Coming from all directions

“That seemed like a flip from physics,” she recalls, “and I was concerned that I didn’t have the chemistry background for it.” But she soon discovered that the field “is so interdisciplinary; people come from a variety of directions” and bring different perspectives to the research.

She immediately became fascinated by the use of satellite data to study the atmosphere and its interactions. The timing was good: The first satellites measuring atmospheric pollution had been launched just a few years earlier.

One of the things measured by satellites was the concentration of carbon monoxide in the air. That compound “is produced from all kinds of combustion processes, and it’s a nice indicator because it stays in the atmosphere for about a month,” she says, “so we can use it to investigate the transport of plumes from sources to continents down-wind.”

Heald describes her current work as “trying to understand the sources, transformation, and impact of gases and particles in the atmosphere, which is very dynamic with a lot of chemical compounds that interact.” In a sense, she says, her focus is on figuring out what’s missing — where the holes are in models of the atmosphere, and how to fill those gaps. “I take an endpoint perspective,” she says. “I integrate the knowledge we have, and look for new ways to analyze the data to see what’s missing in our models.”

The effects are often subtle and hard to tease out from the chaotic mix of atmospheric processes. For example, in summer months the plumes of dust that constantly waft away from the Sahara desert end up in the North Atlantic and can make landfall in the United States and contribute to poor air quality in Florida. In the winter months winds blow the dust, which bears a complex load of assorted minerals, across to South America.

Trans-Atlantic fertilizer

One of those minerals is phosphorus, which happens to be a key limiting element for the growth of plants in the Amazon basin — so those African breezes are actually contributing to the Amazon’s fertility. That’s the kind of complex interaction, she explains, that would never be derived solely from theoretical modeling or experimental observation but requires the integration of different disciplines and approaches. “That gives you a sense of the challenge,” she says.

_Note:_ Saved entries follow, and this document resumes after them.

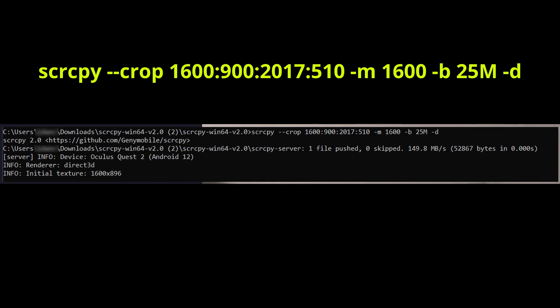Make sure you write the command properly. If you get command not found, you probably misspelled scrcpy, so make sure to write it correctly.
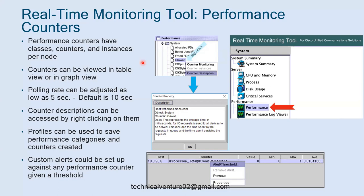RTMT provides the following serviceability functionality: monitor performance counters, check real-time and historical data, go to the alert center and set up alerts with custom descriptions and thresholds, use trace and log central, pre-canned screens, syslog viewer, device search, analysis manager, and session trace (SIP only). Under device search you can check when your phone went down, unregistered, or re-registered. Performance counters have classes, counters, and instances per node.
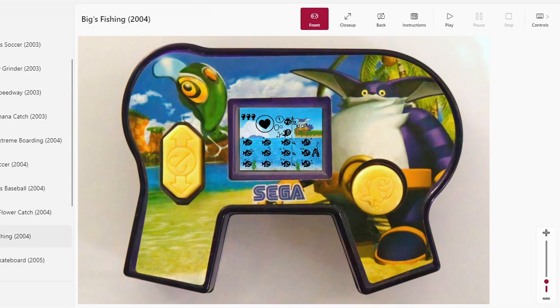Man, remember when Sonic wasn't ashamed of Big? Look at that, we're back to the weird Homestar Runner shape logo for the shape of the controller.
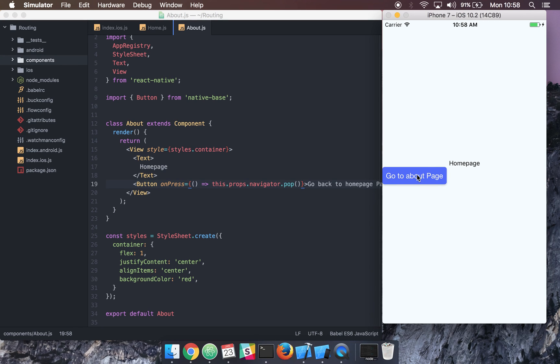That's how nice and easy it is to get routing set up in React Native. I hope this video helped you, and if you like it, please go ahead and click subscribe and like. I'll see you in the next video.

“There needs to be a strong coupling between observational work and modeling,” Heald says, “and these are models that take decades of development and a large community of scientists.” Much of her research focuses on aerosols, particles of matter so small that they virtually defy gravity and can stay aloft for weeks. Another major area of her research is the complex interaction between the atmosphere and the biosphere.

One thing that makes the modeling difficult is that many of the important processes in atmospheric chemistry involve transport across ocean basins, and “there are not a lot of observations available” over vast stretches of ocean. For example, for dust “we have long-term records in Barbados and in Florida, but we have to connect the dots” to extrapolate to the missing areas. Satellite data are helping to fill in the blanks, but careful calibration is required to make sure these measurements dovetail with the ground-based records.

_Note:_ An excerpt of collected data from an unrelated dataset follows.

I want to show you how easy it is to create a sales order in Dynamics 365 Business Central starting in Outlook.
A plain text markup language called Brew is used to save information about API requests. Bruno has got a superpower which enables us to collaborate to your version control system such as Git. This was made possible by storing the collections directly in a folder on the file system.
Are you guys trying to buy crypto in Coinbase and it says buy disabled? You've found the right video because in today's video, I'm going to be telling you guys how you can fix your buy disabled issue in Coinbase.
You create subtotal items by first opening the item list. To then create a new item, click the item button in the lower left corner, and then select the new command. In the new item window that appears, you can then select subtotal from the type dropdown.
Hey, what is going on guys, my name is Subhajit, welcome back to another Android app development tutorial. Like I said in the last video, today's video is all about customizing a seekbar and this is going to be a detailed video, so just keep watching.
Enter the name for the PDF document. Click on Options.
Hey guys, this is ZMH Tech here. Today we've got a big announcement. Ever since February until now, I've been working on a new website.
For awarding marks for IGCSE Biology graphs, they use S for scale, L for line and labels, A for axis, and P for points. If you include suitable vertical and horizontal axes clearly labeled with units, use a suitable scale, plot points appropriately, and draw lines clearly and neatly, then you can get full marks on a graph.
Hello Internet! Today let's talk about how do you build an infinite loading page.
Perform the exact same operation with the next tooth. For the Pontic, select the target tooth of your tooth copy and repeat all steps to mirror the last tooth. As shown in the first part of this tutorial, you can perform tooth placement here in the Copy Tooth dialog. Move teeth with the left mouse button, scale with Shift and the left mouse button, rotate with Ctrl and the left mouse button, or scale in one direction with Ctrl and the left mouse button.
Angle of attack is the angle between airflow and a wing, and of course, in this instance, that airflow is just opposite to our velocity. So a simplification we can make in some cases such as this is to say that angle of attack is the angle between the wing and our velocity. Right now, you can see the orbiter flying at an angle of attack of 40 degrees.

Heald’s modeling work has showed, for example, that in recent decades winds have been slowing over Africa, and that could reduce the flow of those aerosols to the Americas. Since those particles have an overall cooling effect, by radiating back incoming sunlight, their reduction leads to an overall warming, she explains.

Heald says she has always been interested in many different subjects and had a hard time initially in college deciding what she wanted to major in, even considering art history. “My sister told me, you’ll always be able to experience art and literature, but it’s hard to pursue science and engineering as a hobby!”

While acknowledging that many women have experienced discrimination in their scientific education and careers, “I feel very fortunate,” Heald says, about the support and encouragement she received throughout her education and early career. “I was never discouraged, always only encouraged. I never felt that any doors were closed to me.”

The community of atmospheric chemists, she says, “is very collegial, and I’m grateful for the smooth path I’ve had and the friendly collaborations I’ve developed along the way. I know not all fields are like that, so when I have a chance to help or give back, I try to get involved.”

Photo: Colette Heald describes her current work as “trying to understand the sources, transformation, and impact of gases and particles in the atmosphere, which is very dynamic with a lot of chemical compounds that interact.” (Photo by Bryce Vickmark)

Eliene Augenbraun
CBS News

The world will need 50 percent more food by 2050 due to both an increasing population and a shift toward a more Westernized diet in developing countries. But as our need for food rises, our ability to produce that food may be lowered by climate and air quality changes, according a to a study just published in Nature Climate Change.

Researchers from MIT and Colorado State University found that if everything else stays as it is today, by 2050 global warming may reduce world crop yields by about 10 percent.

But world crop yields face more challenges than just rising temperatures. Ozone pollution also hurts crops, while being harder to quantify. Some crops are hurt most by extreme temperature swings, others more by ozone.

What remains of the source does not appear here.